“Figuring out the proper place for technology in our particular family and stage of life requires discernment rather than a simple formula. Even the ten commitments in this book are meant to be starting points for discussion– and as you will read, they are ones my own family has kept fitfully at best.
But almost anything is better than letting technology overwhelm us with its default settings, taking over our lives and stunting our growth in the ways that really matter. And I think there are some things that are true at every stage of life:
Technology is in its proper place when it helps us bond with the real people we have been given to love. It’s out of its proper place when we end up bonding with people at a distance, like celebrities, whom we will never meet.
Technology is in its proper place when it starts great conversations. It’s out of its proper place when it prevents us from talking with and listening to one another.
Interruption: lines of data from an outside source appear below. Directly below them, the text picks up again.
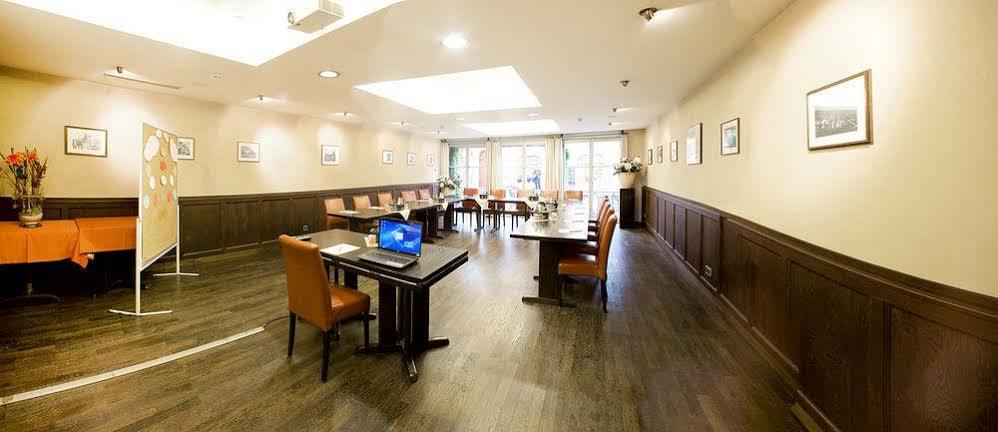 Hotel Weisses Lamm Veitshochheim Luaran gambar
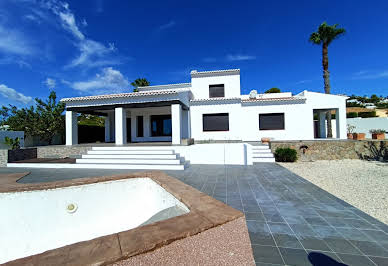 Villa with pool and terrace 13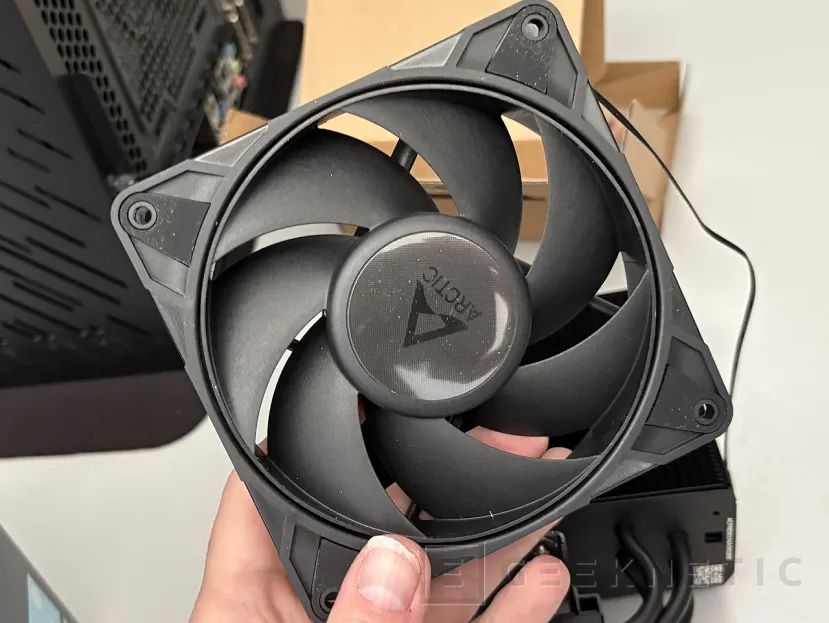 Geeknetic Arctic Freezer 36-S Review: diseño simple y funcional impulsado por el potente ventilador Arctic P12 Pro 7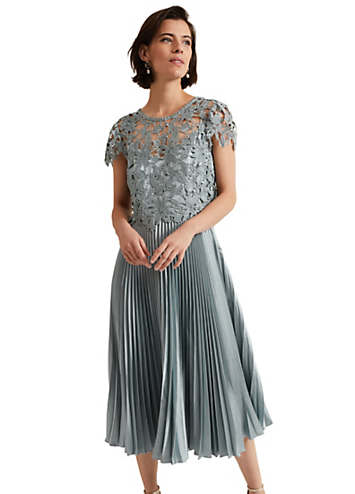 chinese dress ladies Self Portrait Green Guipure Midi Dress Sizes 4, 8 and 12  JDEX Styles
Technology is in its proper place when it helps us take care of the fragile bodies we inhabit. It’s out of its proper place when it promises to help us escape the limits and vulnerabilities of those bodies altogether.
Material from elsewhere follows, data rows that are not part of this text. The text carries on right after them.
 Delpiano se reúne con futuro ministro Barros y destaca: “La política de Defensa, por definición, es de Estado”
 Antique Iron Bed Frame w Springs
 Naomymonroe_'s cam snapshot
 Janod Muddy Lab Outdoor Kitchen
Technology is in its proper place when it helps us acquire skill and mastery of domains that are the glory of human culture (sports, music, the arts, cooking, writing, accounting; the list could go on and on). When we let technology replace the development of skill with passive consumption, something has gone wrong.
Technology is in its proper place when it helps us cultivate awe for the created world we are part of and responsible for stewarding (our family spent some joyful and awefilled hours when our children were ill middle school watching the beautifully produced BBC series Planet Earth). It’s out of its proper place when it keeps us from engaging the wild and wonderful natural world with all our senses.
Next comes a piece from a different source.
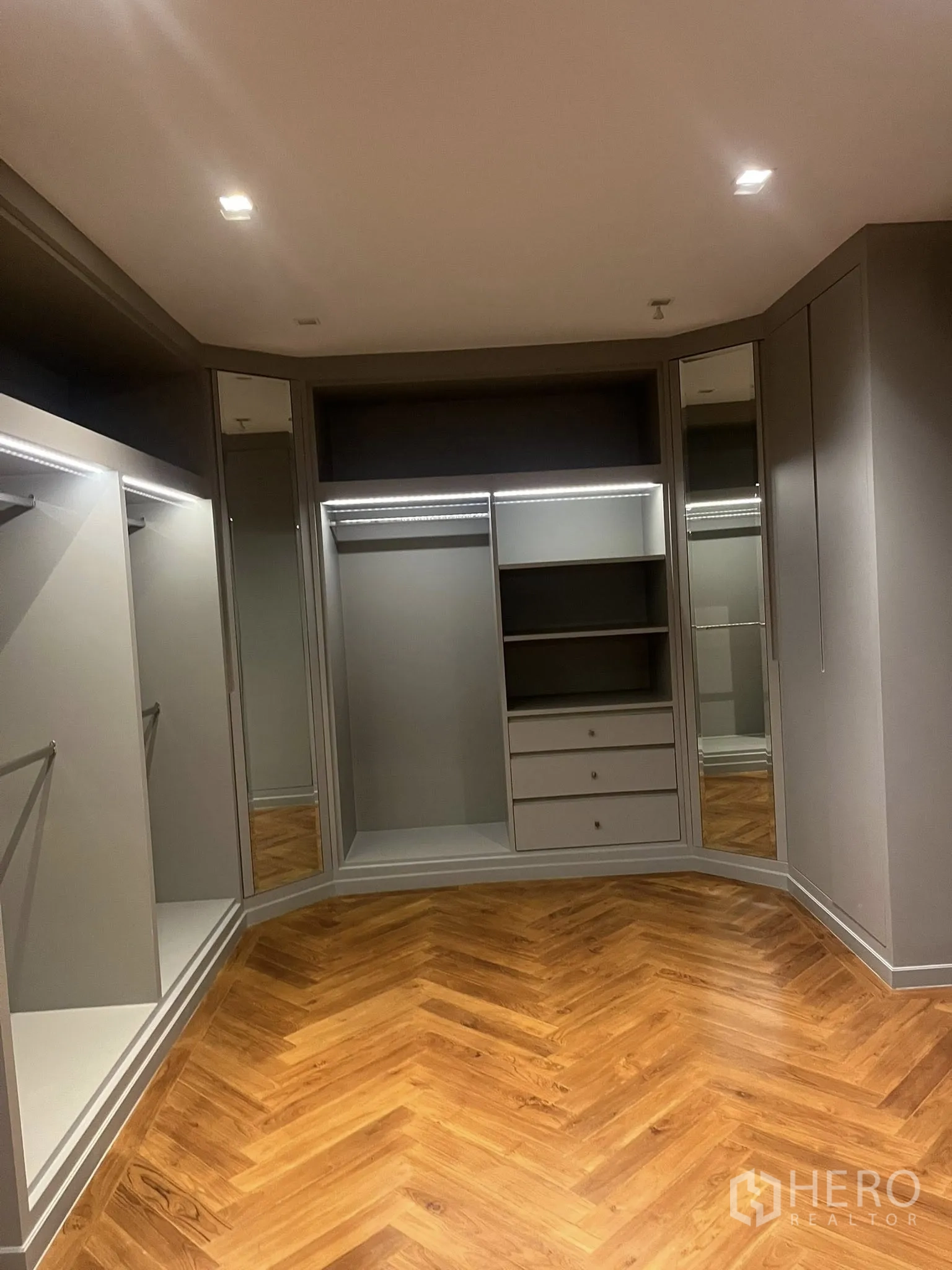家庭办公室 for rent in Watthana, Bangkok - 步入式衣帽间，开放搁架、挂杆与人字形木地板。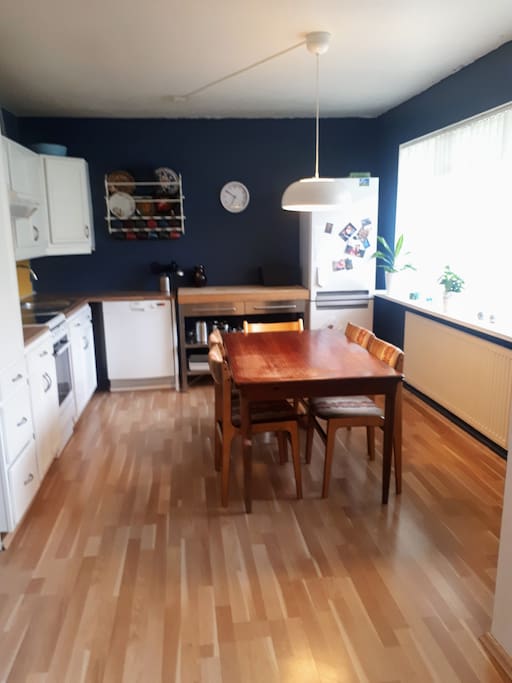 Kitchen with an expandable table.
Technology is in its proper place only when we use it with intention and care. If there’s one thing I’ve discovered about technology, it’s that it doesn’t stay in its proper place on its own; much like my children’s toys and stuffed creatures and minor treasures, it finds its way underfoot all over the house and all over our lives. If we aren’t intentional and careful, we’ll end up with a quite extraordinary mess.”
–Andy Crouch, The Tech-Wise Family (Grand Rapids, MI: Baker Books, 2017), 19-21.